Either way, none of the above, I would contend, is going to do anything at all to drive British exports in the coming years. The one thing the Coalition has yet to get a steer on is where this growth will come from; but it’s unlikely to involve much in the way of sheep, violinists, and NHS surgeons.

So athough the slavish-as-ever BBCNews site insists that ‘the skills shortage is costing the UK billions of pounds’, these data do cast doubt on that assertion. Rather more to the point, they also suggest that much of the debate on education and immigration is self-serving, defensive tosh. Above all, it’s clear that the skill shortage is both less urgent than has been suggested – and entirely self-inflicted.

Accepting that conclusion, why has this Government once again been given the runaround by the forces of obfuscation? The answer, I’m afraid, is that the Conservative Party has a skill shortage of major proportions itself: and it’s called people with the thoroughness and insight to dig out the real data, and use them as a jawbone with which to smite the asses on the opposing side.

Nby and Slog veterans will be sick of hearing about this by now (as no doubt is ConservativeHome) but since the day of his accession, David Cameron’s research and information-gathering has been truly awful. I have to assume that he is surrounded by yet more people like him: fast-footwork merchants who unfortunately have their analytical skills in those same nimble feet.

As Opposition Leader, Cameron failed to land a single real blow on Brown, failed to counter a single myth about Britain’s economic outlook, and failed throughout the campaign to produce a single piece of media advertising to highlight huge holes in the Mandelsonian Brownshirt arguments. As a direct result of this (and far too much anodyne drivel on the EU question) he failed to get a clear majority – and thus finds himself in a Coalition that is getting in the way on the big issues.

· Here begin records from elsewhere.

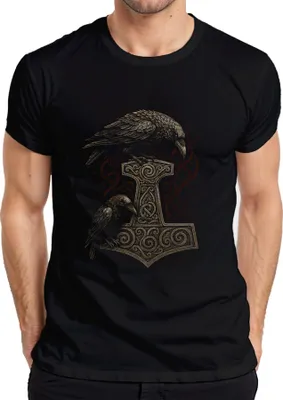 Produktbild von Thorshammer mit Raben nordische Mythologie Wikinger Runenkunst Herren T-Shirt, Schwarz, XXL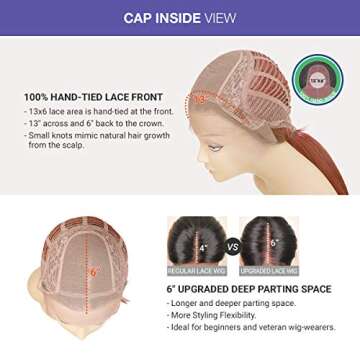 GLAM21USA The Stylist HD LACE Front Wig Loose Wave 13X6 Deep Transparent Lace Frontal Wigs 27 Inch Human Hair Master Blend Swiss Lace Curly Long Wig - Bella (27 Inch (Brown HD Lace), OET1B/PURPLE)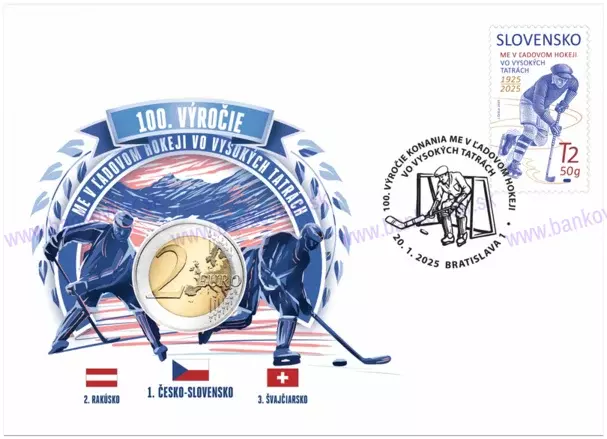 Numizmatická obálka: 100.výročie konania ME v ľadovom hokeji vo Vysokých Tatrách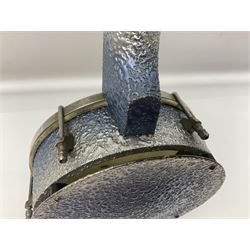 John Grey & Sons banjolele with unusual all over mottled blue and silver textured finish L57cm; in carrying case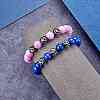 Medium Orchid Natural Yellow Jade Round Beaded Stretch Bracelet BJEW-SW00077-04-4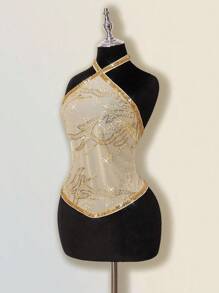 SHEIN ICON 女士金色串珠吊带亮片刺绣背心 - 金色 - 查看 4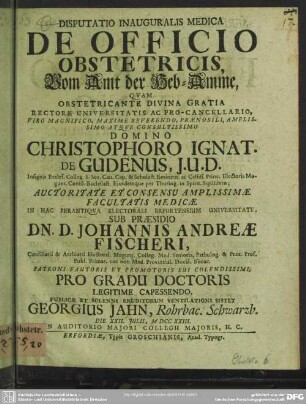 Disputatio Inauguralis Medica De Officio Obstetricis ...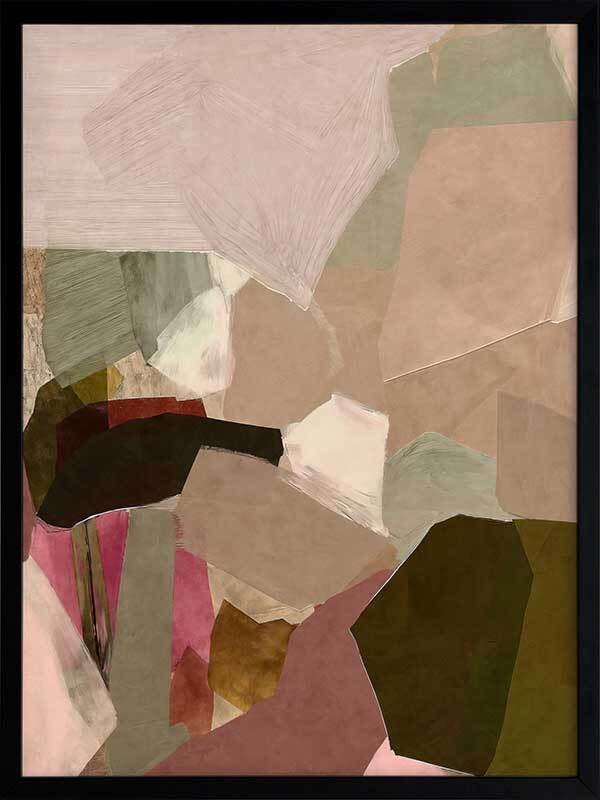 Deconstructed Desert II Framed Wall Art Print - Modern Abstract Landscape Painting for Home & Office Decor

The Prime Minister’s briefing system is unfit for purpose if – when faced with open goals like our risible education system and incontinent immigration policy – he can still wind up with street demos and facile arguments about ‘a dearth of skilled workers’….and lots of trimming in all directions. When things really turn unpleasant next year, the Coalition cannot afford to be outwitted at every turn by wreckers who have no real rationale for their opposition. He must get some talented and profound researchers round him, and fast. Failure to address the problem could easily hand victory to the other side – and that would, truly, be a final disaster for the United Kingdom.